Synack Adds AI Agent to Enable Continuous Penetration Testing
Synack has made available an artificial intelligence (AI) agent that cybersecurity researchers can use to automate a wide range of penetration testing tasks.
Company CTO Mark Kuhr said the Sara AI Pentesting agent has been trained using the metadata of techniques that have been uncovered by freelance security researchers who use the Synack penetration-as-a-service (PTaaS) platform. In effect, Sara augments any red team that has been tasked with discovering vulnerabilities in an IT environment, said Kuhr.
Fundamentally, Sara AI makes it simpler to surface classes of vulnerabilities such as broken access controls, authentication weaknesses, injection flaws, and exposed credentials to enable human researchers to focus more time and effort on identifying more critical vulnerabilities, added Kuhr.
That approach enables the Sara AI agent to leverage both human and agentic AI expertise to discover vulnerabilities, he added. That’s crucial because research shows that while an AI model can discover more vulnerabilities faster at a much lower total cost, human researchers are still more adept at discovering severe vulnerabilities that require immediate attention, noted Kuhr.

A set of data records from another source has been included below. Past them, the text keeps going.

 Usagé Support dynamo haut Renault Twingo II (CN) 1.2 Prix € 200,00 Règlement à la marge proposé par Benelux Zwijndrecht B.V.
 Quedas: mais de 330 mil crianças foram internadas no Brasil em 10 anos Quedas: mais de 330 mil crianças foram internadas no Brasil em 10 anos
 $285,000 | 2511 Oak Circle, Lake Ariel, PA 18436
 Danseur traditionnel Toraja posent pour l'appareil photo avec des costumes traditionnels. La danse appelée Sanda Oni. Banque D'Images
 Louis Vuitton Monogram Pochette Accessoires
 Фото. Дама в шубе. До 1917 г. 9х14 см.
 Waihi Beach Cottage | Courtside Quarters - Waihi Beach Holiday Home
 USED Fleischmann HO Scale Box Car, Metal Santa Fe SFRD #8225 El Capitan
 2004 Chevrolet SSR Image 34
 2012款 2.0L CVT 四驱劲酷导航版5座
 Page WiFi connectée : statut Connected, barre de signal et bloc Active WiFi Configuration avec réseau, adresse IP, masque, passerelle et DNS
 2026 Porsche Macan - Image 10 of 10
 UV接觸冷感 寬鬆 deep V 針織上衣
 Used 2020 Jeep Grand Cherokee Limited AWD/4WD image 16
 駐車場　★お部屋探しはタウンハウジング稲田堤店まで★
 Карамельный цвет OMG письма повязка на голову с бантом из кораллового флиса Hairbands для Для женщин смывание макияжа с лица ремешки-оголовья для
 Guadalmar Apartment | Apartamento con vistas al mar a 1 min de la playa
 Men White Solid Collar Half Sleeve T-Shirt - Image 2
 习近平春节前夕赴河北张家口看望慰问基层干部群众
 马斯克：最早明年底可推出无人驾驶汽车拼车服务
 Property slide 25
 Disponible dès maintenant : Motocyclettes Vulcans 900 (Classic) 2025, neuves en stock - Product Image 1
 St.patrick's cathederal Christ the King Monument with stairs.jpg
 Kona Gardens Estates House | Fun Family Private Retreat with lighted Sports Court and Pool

Humans are simply still a lot more creative when it comes to understanding how multiple vulnerabilities might be combined to create an attack chain, he added
Unfortunately, the amount of penetration testing being conducted has been constrained because of the time and effort that was previously required. A recent Synack survey found that while 95% of organizations rank pentesting as a top priority, they are, on average, currently testing only 32% of their global attack surface.
On the plus side, 87% of respondents said their organizations have already moved beyond evaluation and are actively planning, piloting, or employing agentic AI for penetration testing. A full 95% of organizations anticipate that agentic AI will displace some traditional pen testing services, with just under half (49%) expecting complete or significant displacement.
A full 87% noted they trust AI agents, but nearly two-thirds (64%) also said their organization still prefers an agent-led model with human oversight. Eventually, swarms of AI agents will soon be employed by swarms of humans to thwart cyberattacks that will be now occurring at machine speed, noted Kuhr. However, 93% of survey respondents agreed that comprehensive guardrails and transparent decision-making are critical for the safe operation of those AI agents.
Ultimately, the goal is to reduce the number of vulnerabilities that might be exploited by leveraging AI to make it more economically feasible to conduct penetration testing continuously, versus a few times a year because of cost concerns, said Kuhr.
Each organization will need to determine what level of confidence to place in AI security tools, but the one certain thing is the pace at which vulnerabilities are being discovered is rapidly increasing. As such, until there is a massive overhaul in how software is developed in the age of AI, cybersecurity teams should expect to be simultaneously managing many more remediation initiatives, noted Kuhr.
The challenge, of course, is adversaries will be using the same AI tools and techniques to discover and exploit vulnerabilities faster than most organizations today can find and remediate them.